[EXTRACTED INFORMATION Boundary: Start]
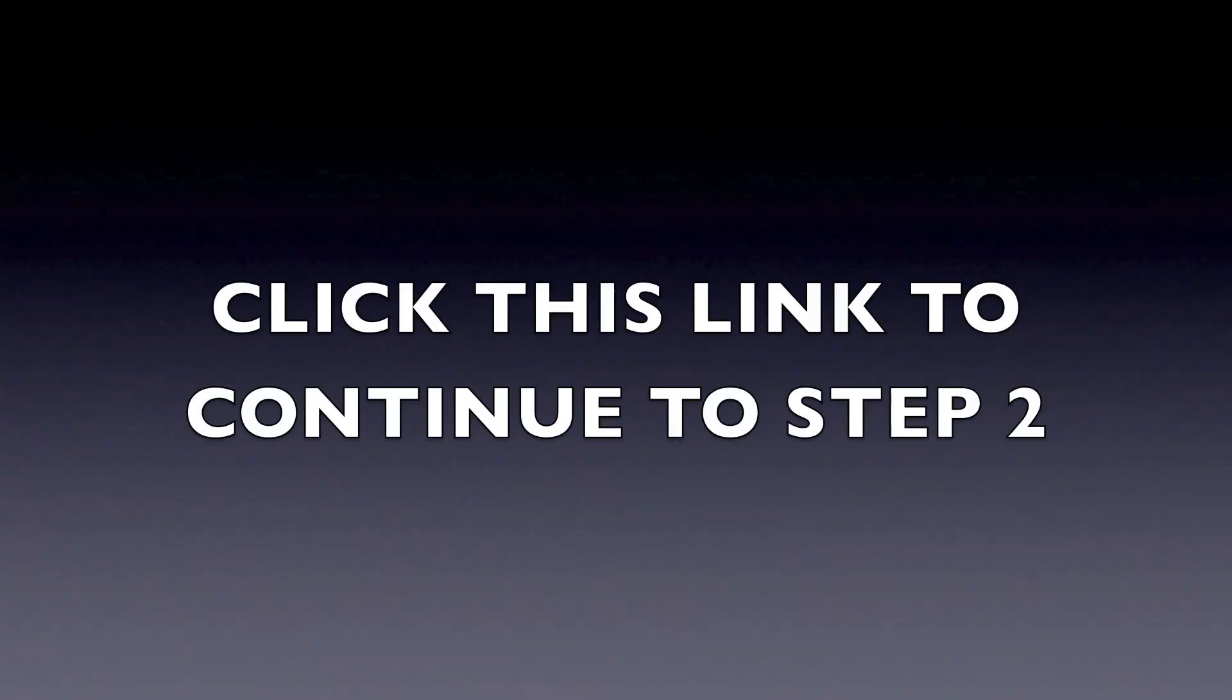Alright guys, you are now done with step one. Now click this link right here in the middle of the screen to go to step two and finish the downgrade process to 3.55 for your E3 flasher. Alright, thanks for watching.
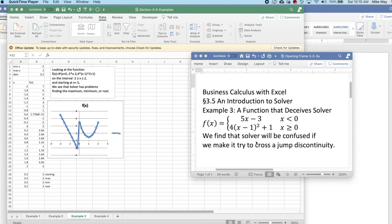Good morning. Today we're looking at example 3 out of section 3.5, An Introduction to Solver from Business Calculus with Excel.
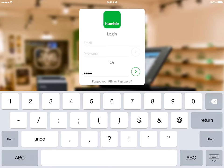Hi, my name is Nick and I'm part of the Humble Support team. Today's video, we look at adding favourites to your till screen, which will eliminate the need for you to manually search for items.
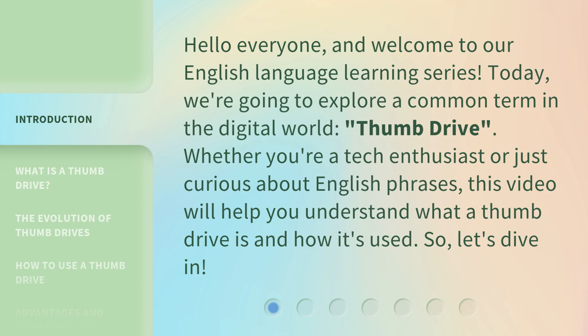Whether you're a tech enthusiast or just curious about English phrases, this video will help you understand what a thumb drive is and how it's used. So, let's dive in.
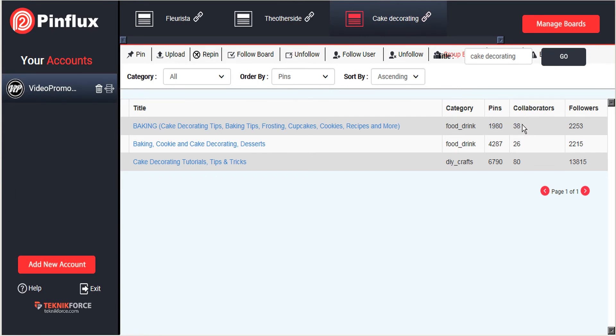And you can see they have 38 collaborators already so they probably won't mind having one more because the more the merrier. The more eyes that are watching this group board means more exposure for everyone. So it's a win-win.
[EXTRACTED INFORMATION Boundary: End]
= WHAT TO PRODUCE =
Copy exactly, and only, the lines from the first entry through the line holding "Good morning. Today", both ends included, leaving out every picture.

= SOLUTION FOR THIS EXERCISE =
Alright guys, you are now done with step one. Now click this link right here in the middle of the screen to go to step two and finish the downgrade process to 3.55 for your E3 flasher. Alright, thanks for watching.
Good morning. Today we're looking at example 3 out of section 3.5, An Introduction to Solver from Business Calculus with Excel.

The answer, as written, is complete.